Nella nostra UO solitamente nei pazienti reumatologici con malattie autoimmuni sistemiche, in terapia a lungo termine con immunosoppressori, che vanno a determinare una immunodeficienza secondaria alla terapia, ma anche nei pazienti oncologici dopo radio/chemioterapia e nei pazienti che si ammalano spesso e che apparentemente non hanno disturbi specifici, presentano febbre ricorrente o diarrea persistente per cui non si trovano risposte. Anche la candidosi orale o cutanea persistente, così come una linfocitopenia (riduzione dei linfociti) rappresentano un campanello d’allarme degno di approfondimento.
Nei nostri ambulatori, quando non riusciamo a trovare risposte nei test qualitativi e quantitativi “classici”, su pazienti selezionati, possiamo eseguire dei test di secondo livello, come il test di linfoproliferazione, oppure, in casi selezionati, ricorrendo all’analisi genetica dove, attraverso un pannello, si studiano i geni le cui alterazioni sono correlate ai difetti dell’immunità.
Riattivazioni virali, come si diagnosticano con IgM basse?

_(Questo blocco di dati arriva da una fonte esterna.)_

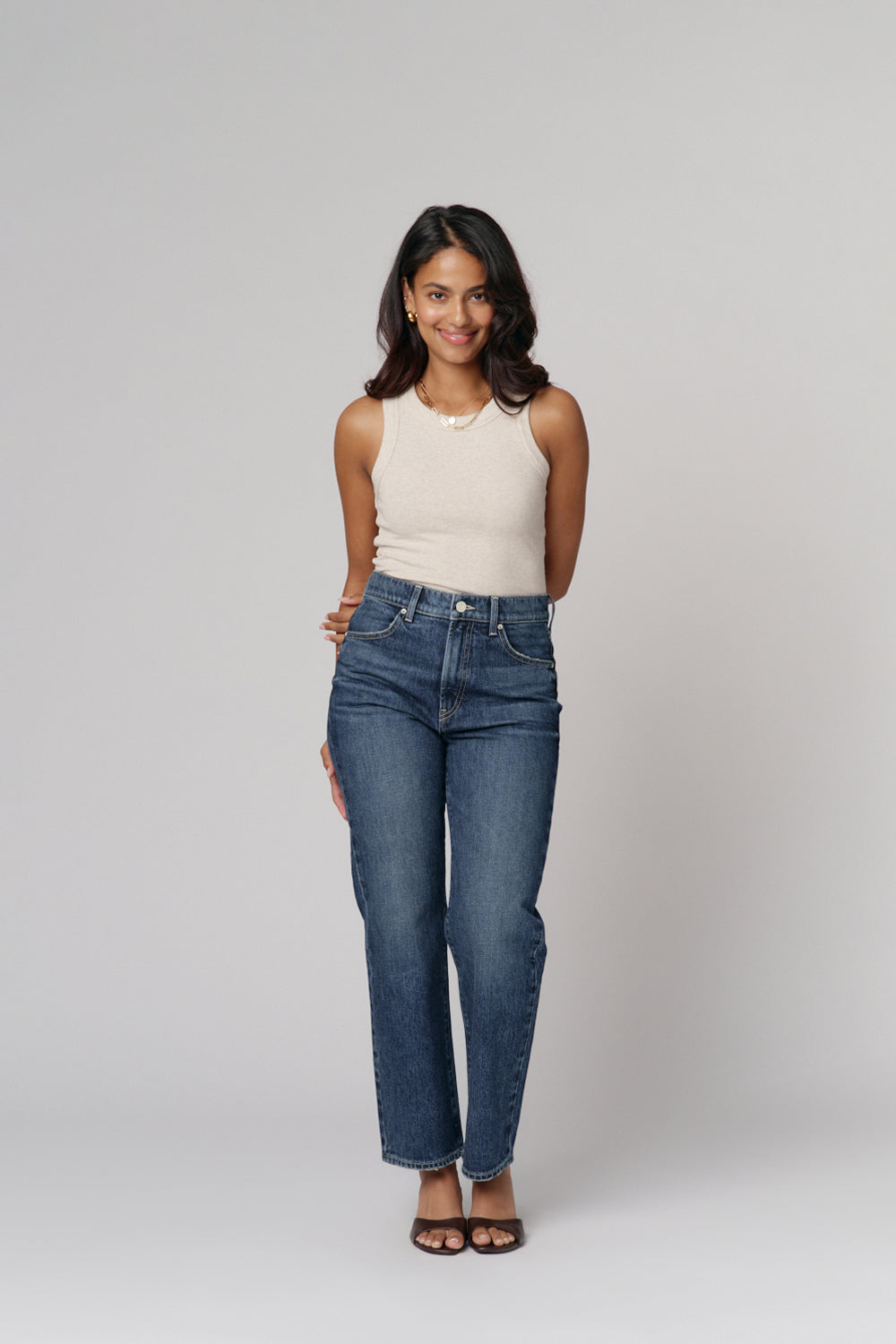 The Ana Classic Straight Denim  |  Twilight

Quando il paziente ha infezioni erpetiche ricorrenti, fondamentalmente seguiamo la clinica piuttosto che il titolo corporale e sottoponiamo i pazienti a dei test per verificare se ci sono delle riattivazioni virali in ambito della ricerca clinica in maniera selezionata dove testiamo la capacità dei linfociti di rispondere e reagire a diversi tipi di stimolo in vitro. La risposta immunitaria è inequivocabile e ci dà chiara indicazione sulla problematica ed eventuale riattivazione.

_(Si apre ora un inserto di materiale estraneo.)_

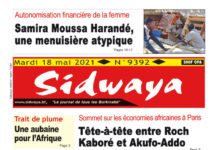 Une Sidwaya du 18-05-2021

Ci tengo a informare che a breve, probabilmente verso settembre 2024, terremo un incontro con l’associazione AIP, in presenza e disponibile anche online, per un confronto diretto tra medici e pazienti. Divulgare l’informazione è fondamentale nella determinazione di una diagnosi precoce, spesso infatti alcuni pazienti arrivano alla nostra attenzione dopo molti anni dall’esordio dei sintomi ed è più difficile gestire la malattia.